### To do
Repeat only the lines below from the one that contains "Lenze E82EV371_2B Inverter" through the final line, exactly. Omit pictures.

Dataset records Block Start

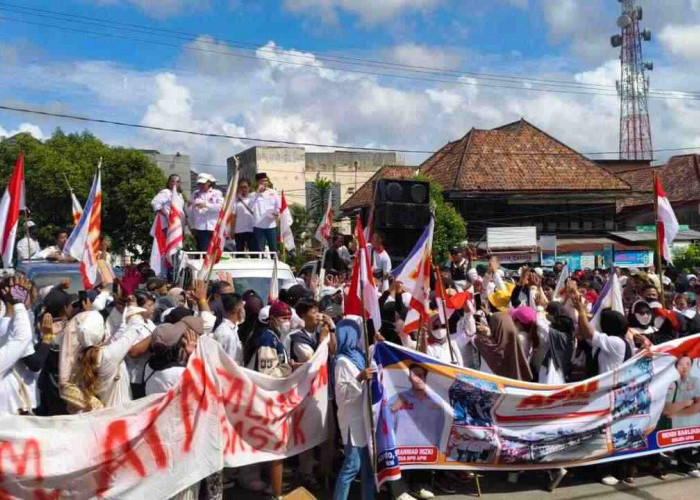 Ratusan Massa APM Kepung DPRD Prabumulih, Soroti CSR dan Rekrutmen Tenaga Kerja 2 Perusahaan BUMN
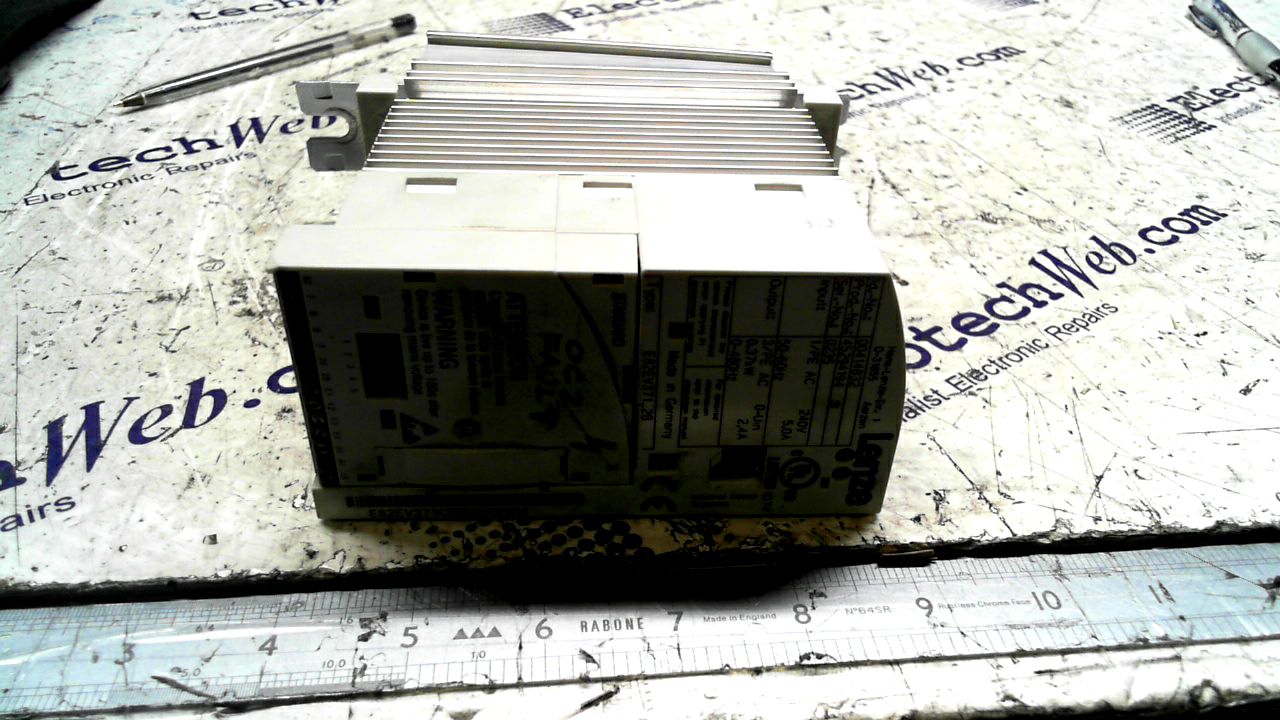 Lenze E82EV371_2B Inverter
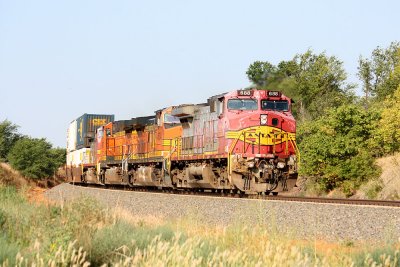 BNSF 688 East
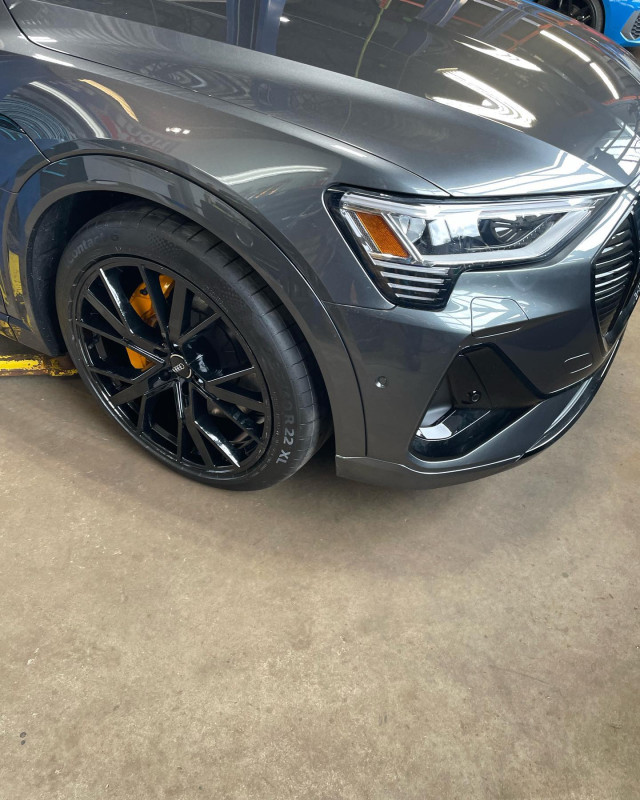 Wheel and brake service proof accent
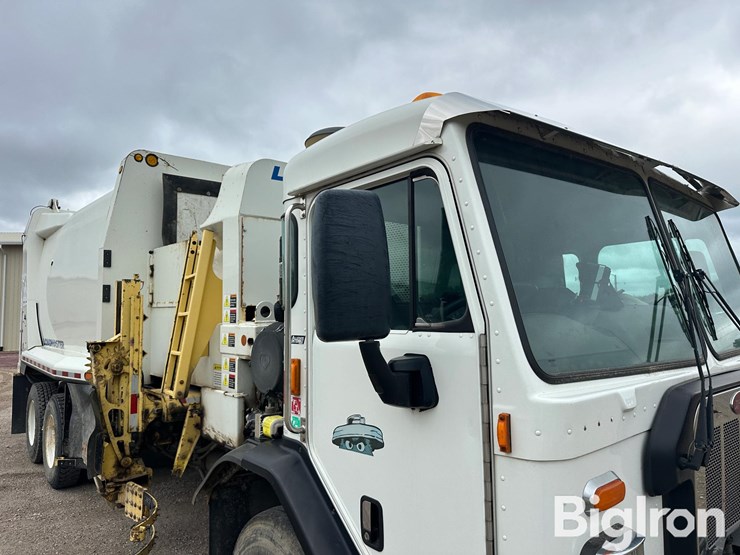 2017-peterbilt-520-image-16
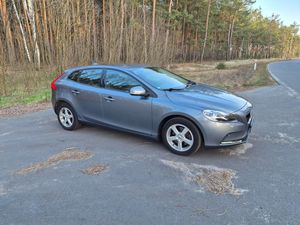 Volvo V40 II T2 Inscription 2017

Dataset records Block End

### Final answer
 Lenze E82EV371_2B Inverter
 BNSF 688 East
 Wheel and brake service proof accent
 2017-peterbilt-520-image-16
 Volvo V40 II T2 Inscription 2017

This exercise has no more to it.